Oh yeah big time. The best thing to do to get a feel for this is to load up a game that has vRAM estimates in the video memory (Doom Eternal, RE3, FarCry5, CoD:CW etc) and then change the individual visual settings up and down and check the difference in estimated vRAM usage. There's often a significant swing if you switch from everything max to everything min. This tells you something important, games do not have a fixed amount of vRAM usage, it varies a lot depending on the settings you use. We can speculate about future games and their higher vRAM usage but we have to be careful when we do that, a game in 4-5 years time we could put in all low/min settings and the vRAM usage would be smaller than games maxed out today. So what we really mean when we say future games will be higher is specifically in a like-for-like comparison, which might be something like the game maxed out in Ultra at 4k now, vs a game in 4 years also maxed out in Ultra 4k.

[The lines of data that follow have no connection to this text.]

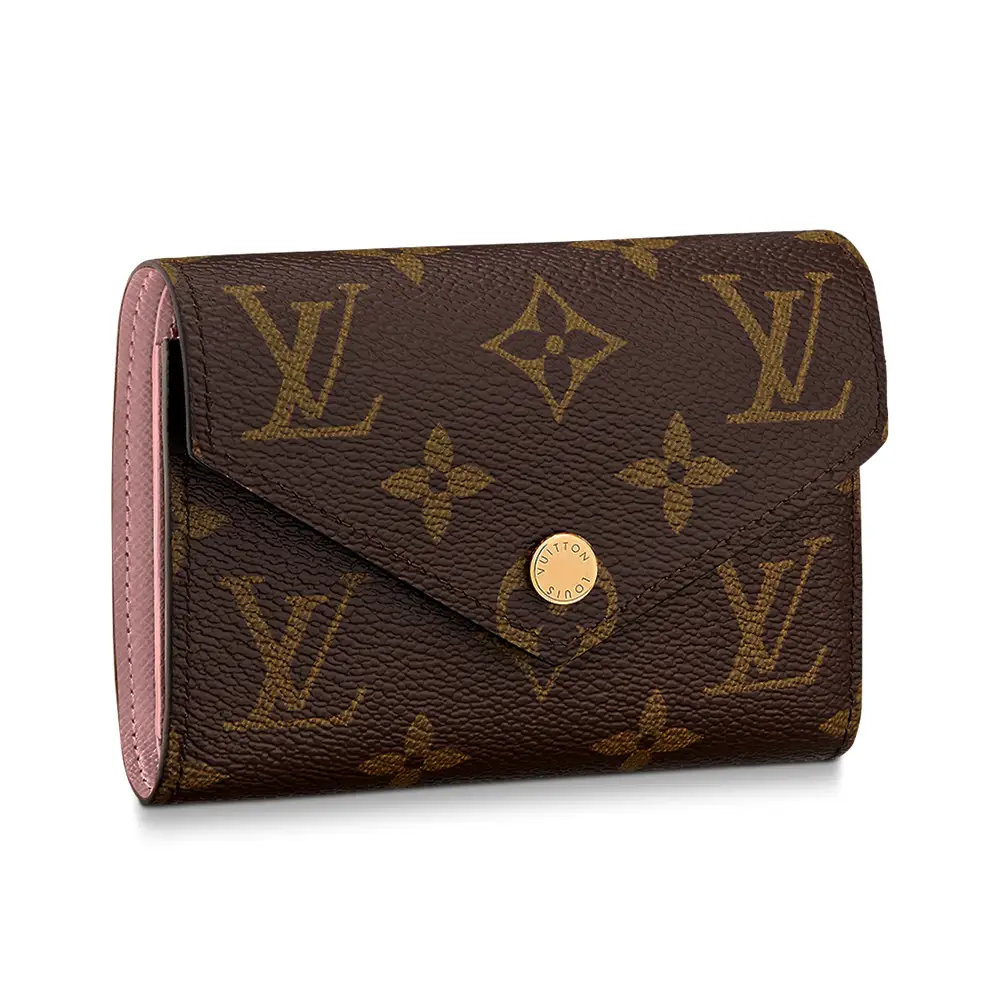 Louis Vuitton Victorine Tri-Fold Wallet Monogram Brown Pink – voilà.id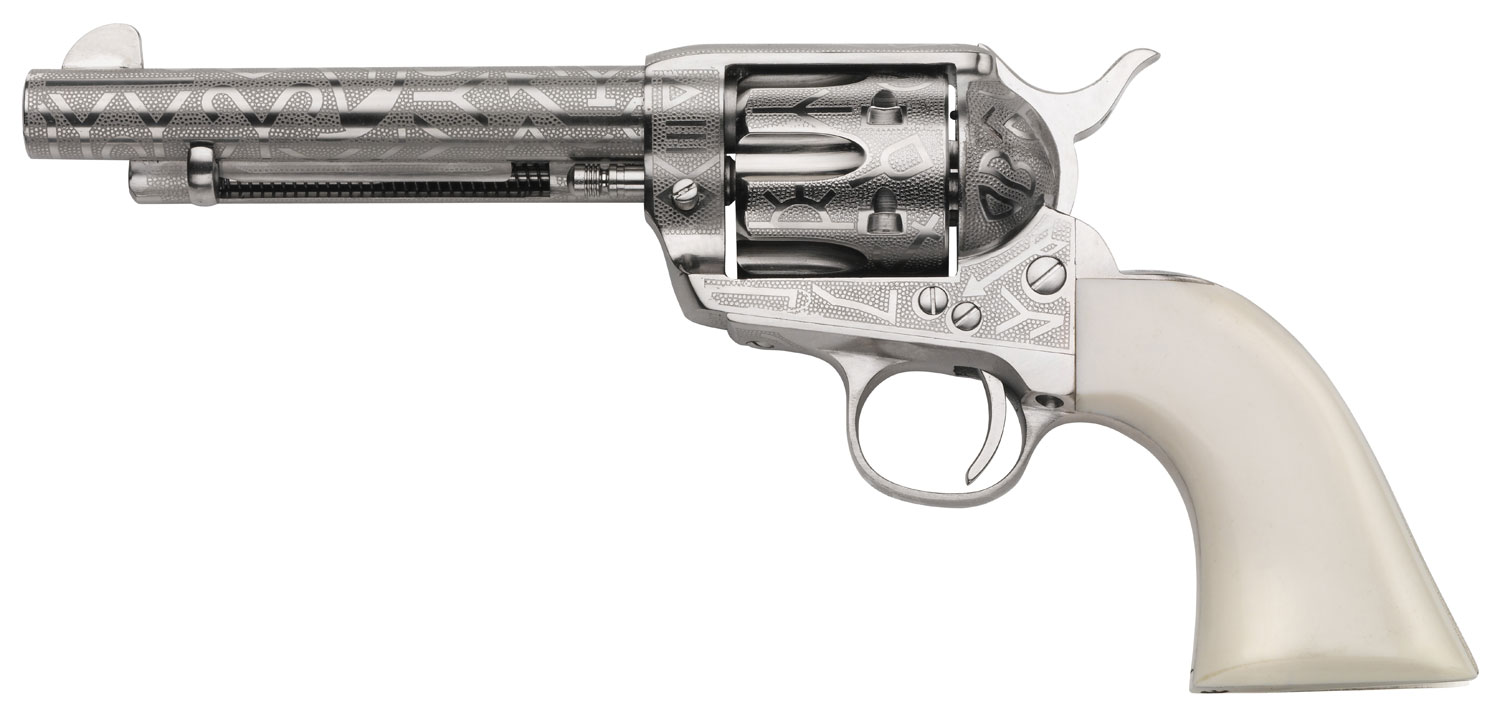 Taylors & Company 200061 1873 Cattle Brand Pietta 45 Colt (Long Colt) 6 Shot 5.50" Nickel Engraved Round Barrel, Cylinder & Steel Frame, White PVC Navy Grip, Exposed Hammer
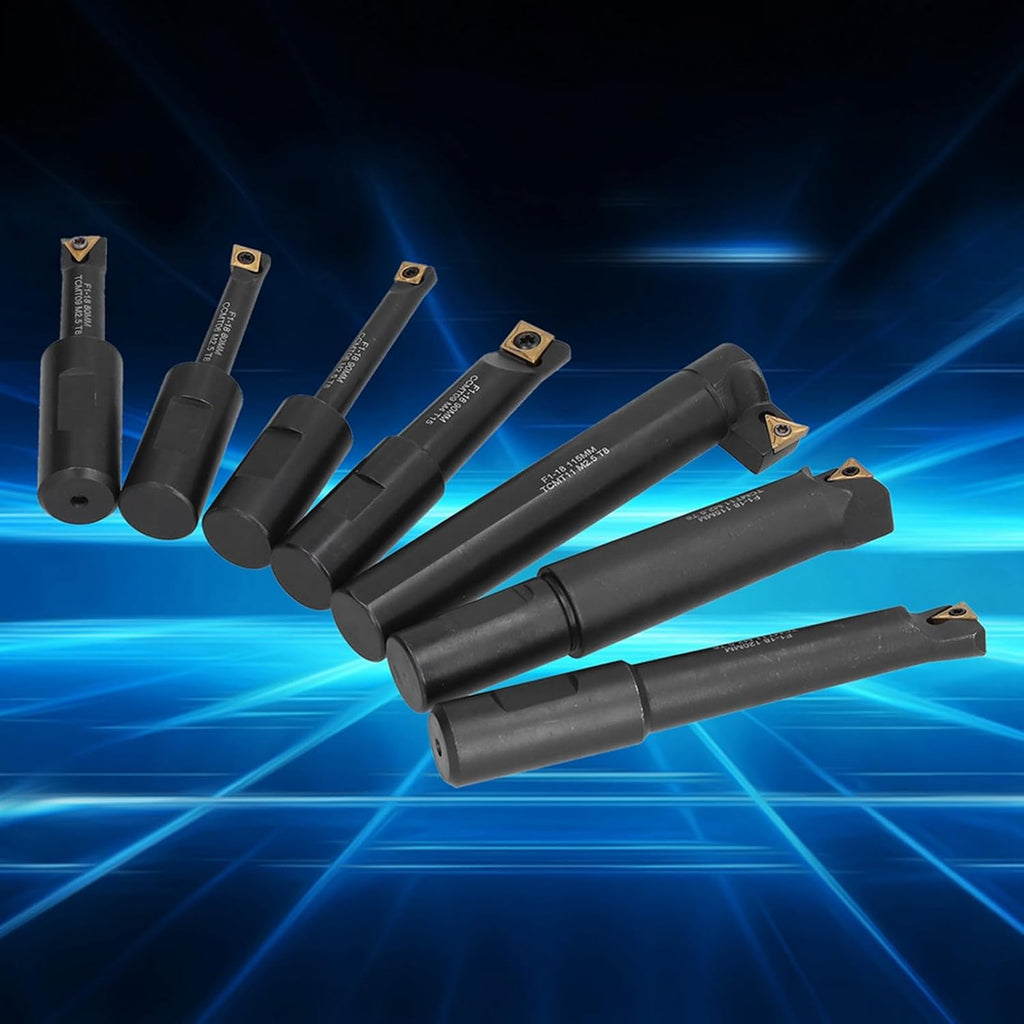 7Pcs Boring Tool Set, Indexable Cemented Carbide Turning Bar Holder, Round Shank Boring Bar for Lathe and Boring Machine, F1-18 with Wood Block Storage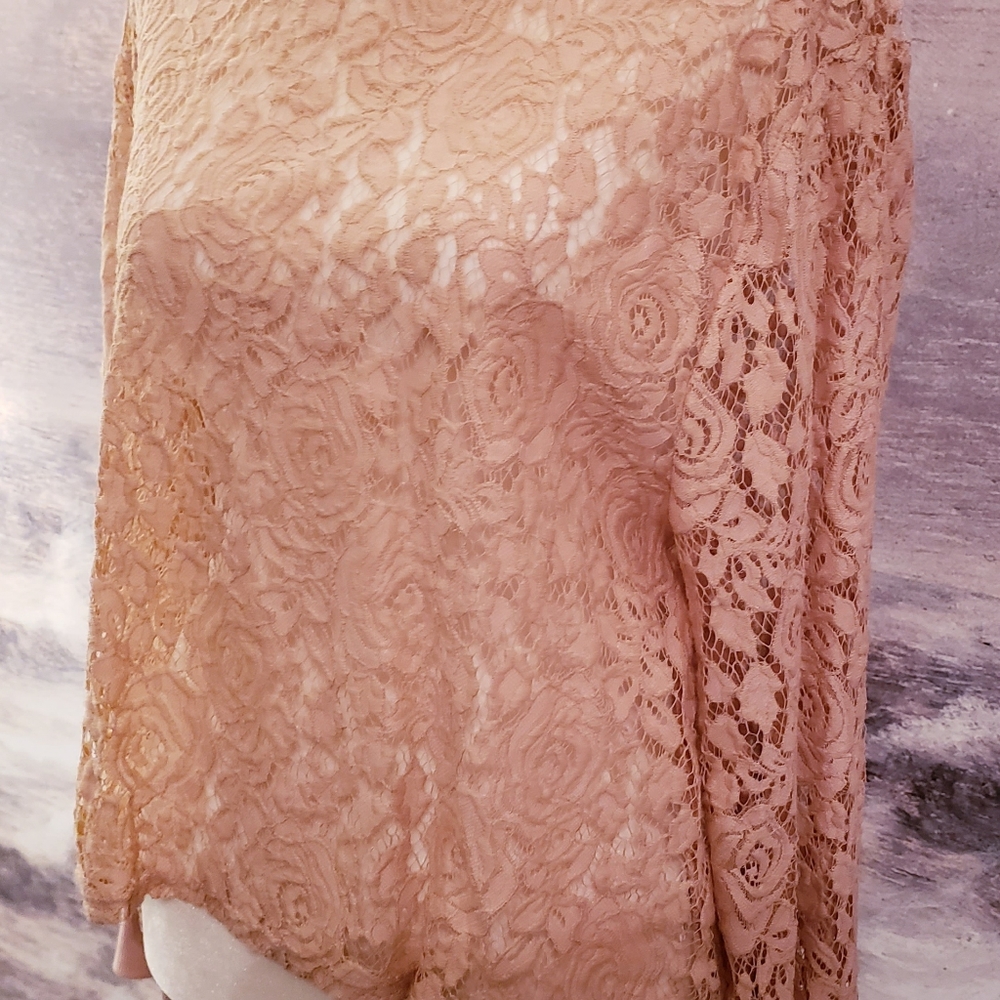 Women's Eyeshadow pale pink long sleeved lace top.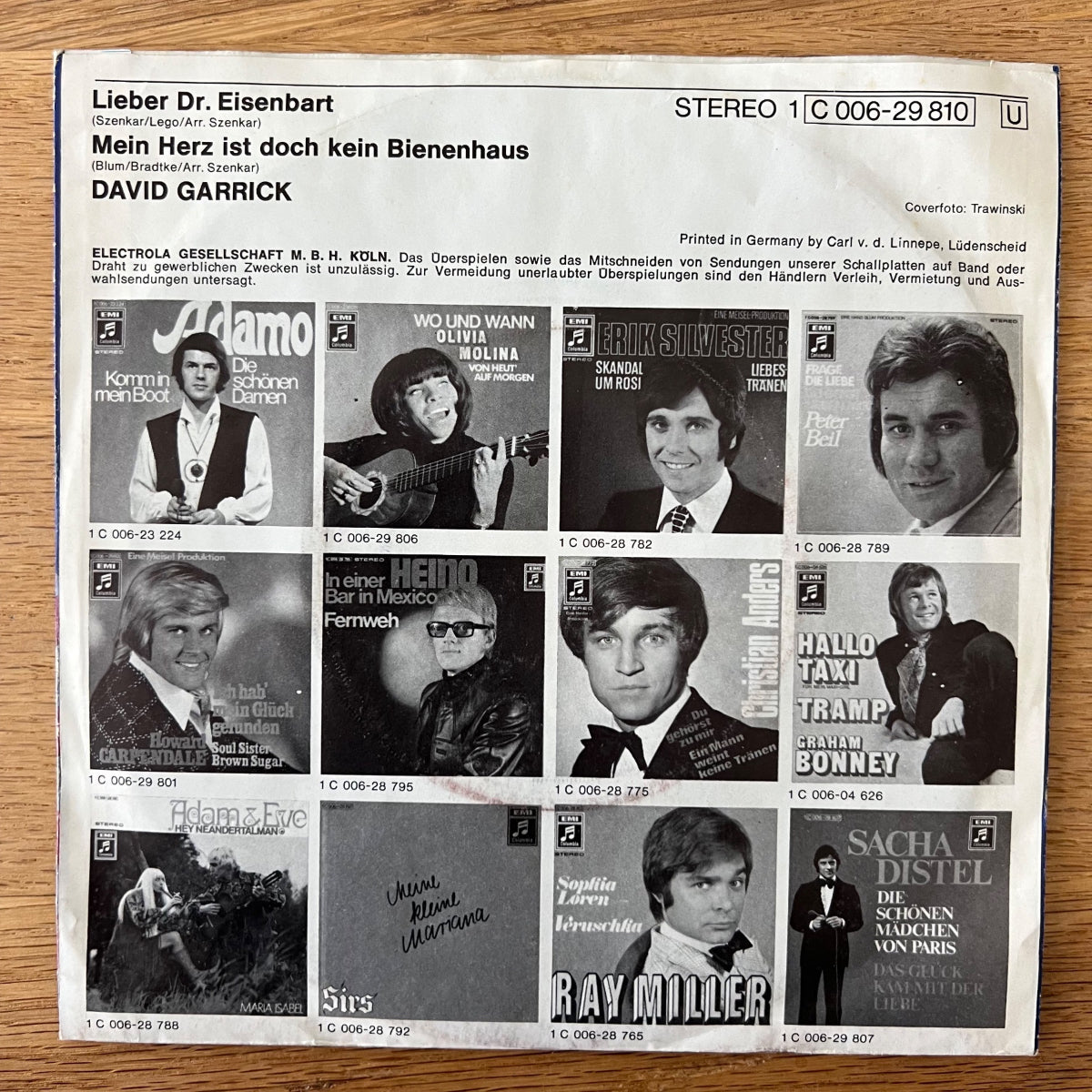 David Garrick - Lieber Dr. Eisenbart / 1. D-Press. 196? - (M-/VG+)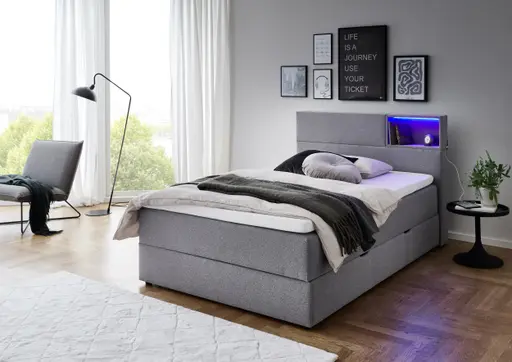 Boxspringbett - Liegefläche ca. 140x200 cm, inkl. Beleuchtung, Ablage und USB-Anschluss, Stoff, Hellgrau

My testing yesterday in CoD Cold War putting everything on min got me down to 2.7GB of estimated vRAM usage, although you cannot disable/uninstall the high res texture pack from the game menu you need to do it via battlenet or something daft, so I didn't bother with that. And then I maxed out the settings and it's about estimated 9GB of vRAM usage. The menu estimates aren't always that accurate but they'll give you a pretty close feel for it. Texture data is typically something like 1/3rd when everything is maxed.
Anyway newer games will put more demand on the GPU as we can see from the very latest games today you can't run in everything maxed out, not even with a 3090 which means you need to sacrifice some visual settings to get it playable, and when you do you free up vRAM.